To assist you in identifying possible new experiences, let curiosity be your guide. The Mayo Clinic’s Katherine Zeratsky encourages her patients to think about what they are drawn to and start from there when identifying a new class or activity to try. Albert Einstein instructs us to, “Never lose a holy curiosity,” and it is sage advice. For curiosity is defined as a strong desire to learn something new and powers the spirit of inquiry. Through the action of quenching this thirst for knowledge, new information is acquired.  As noted in the previous post, asking questions is the first step to gain new information and, as luck would have it, also nurtures the curiosity found in a creative person.

 

As these new experiences and encounters are amassed, new perspectives are uncovered. This in turn helps the brain create new connections with information previously internalized.  Being able to create new connections between ideas is how new learning occurs.  Steve Jobs noted, “Creativity is just connecting things.” The ability to connect leads to imagining possible explanations and options.

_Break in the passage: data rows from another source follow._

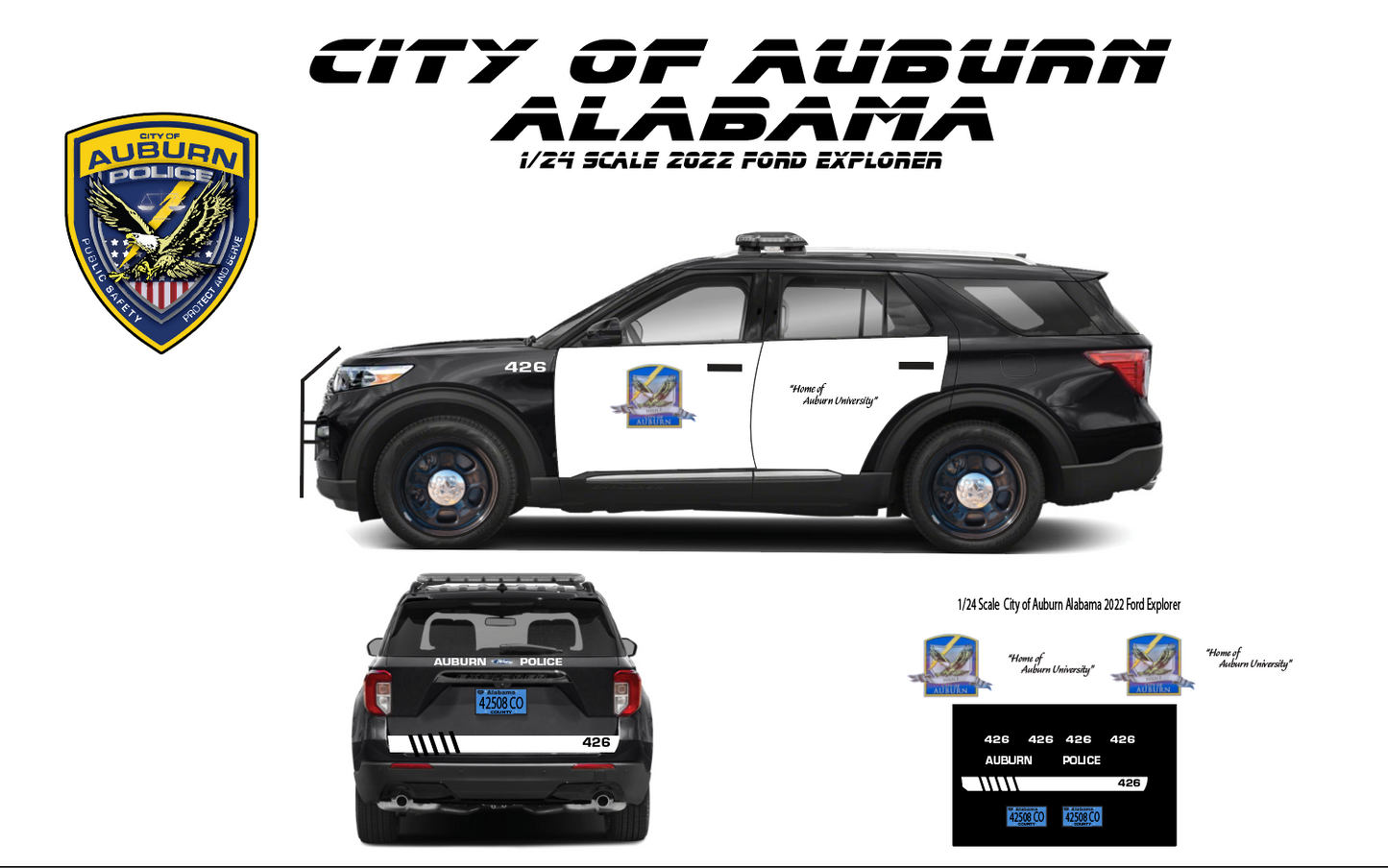 1/24 Scale City of Auburn Alabama Police Waterslide Decals – 2022 Ford Explorer – White Toner Printed – Approx 4 Sets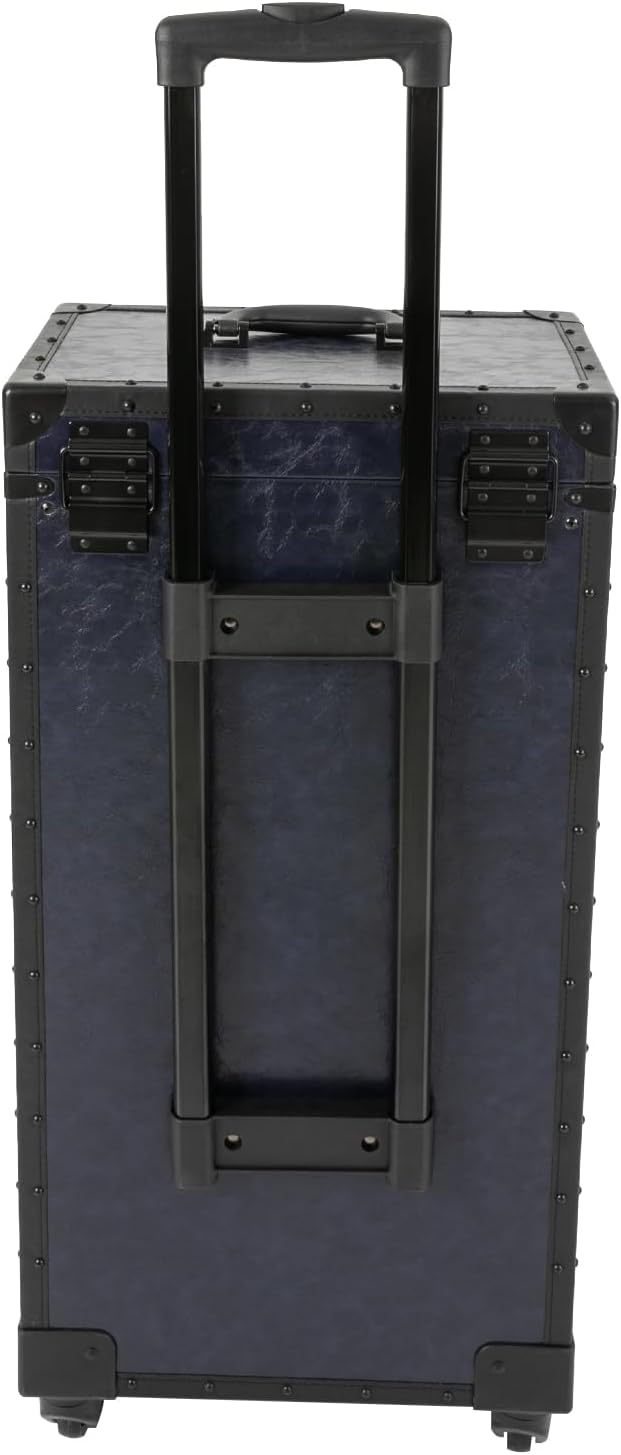 Rolling Lockable Makeup Train Case Stylist Beauty Hair Salon Trolley Suitcase Travel Organizer Tool Box with Hair Dryer Holder Professional Cosmetic Hairdressing Luggage with Wheels (Blue)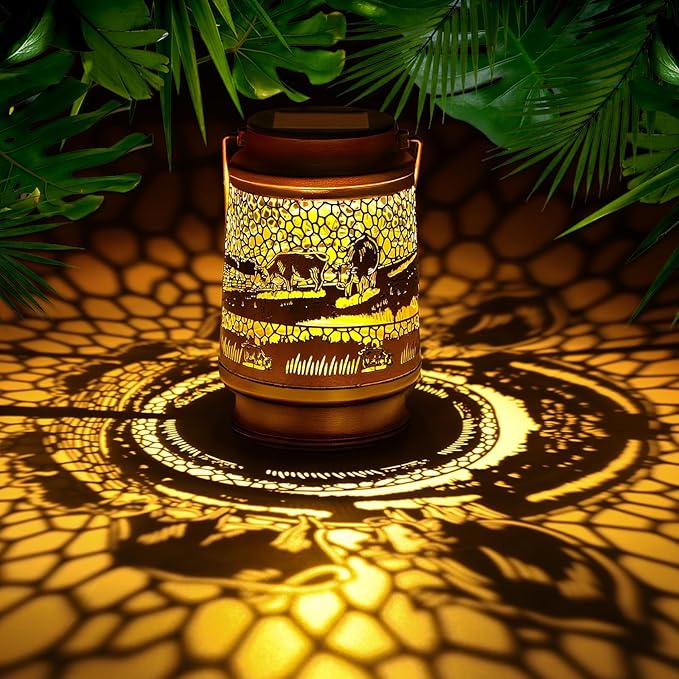 Cow Birthday Gifts for Women Mom Grandma, Solar Lanterns Outdoor Waterproof Garden Decor Hanging Lantern Lights, Metal LED Decorative Gardening Light for Patio Yard Lawn Porch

One way to practice making connections is through practicing synectics. To do this, choose 2 items, the more dissimilar the better, and try to find as many ways as possible they are alike. For instance, think about how a cake and a pencil are alike. At first, it may be difficult to come up with ideas, but by allowing yourself plenty of time to reflect, you should notice ideas will finally start popping into your brain, with the most unusual ones generally arriving the longer you think about it. What could be possible answers? They both are round, they both have layers, they both have something different hiding underneath the outer coating. ( i.e. a cake under the icing and lead inside the wooden outside covering.) To make it easier for you, try finding objects with more obvious similarities; to make it harder, find objects that are seemingly very much dissimilar.) The more practice with this type of activity, the more it encourages creative thinking.

 

So, the openness to new experiences and the accompanying curiosity leads to new learning. The connections made allow for alternatives to be imagined and considered. Notice how much overlap there is with the first two critical thinking behaviors discussed thus far. Creativity seems to be an outgrowth of intellectual humility. The open-mindedness found in both behaviors allows curiosity to flourish through a search for possible alternatives grounded in questioning. This leads to the creation of connections between previous and newly acquired knowledge that set one up to be able to reflect and possibly revise previously held beliefs.


Creativity is not such a far-fetched behavior to possess in the quest for the truth. You might say, they are opposite sides of the same coin. By possessing both intellectual humility and a creative mind, you have set your mind up for success in identifying the truth. What better superpowers to possess in these times with so much information but so little truth?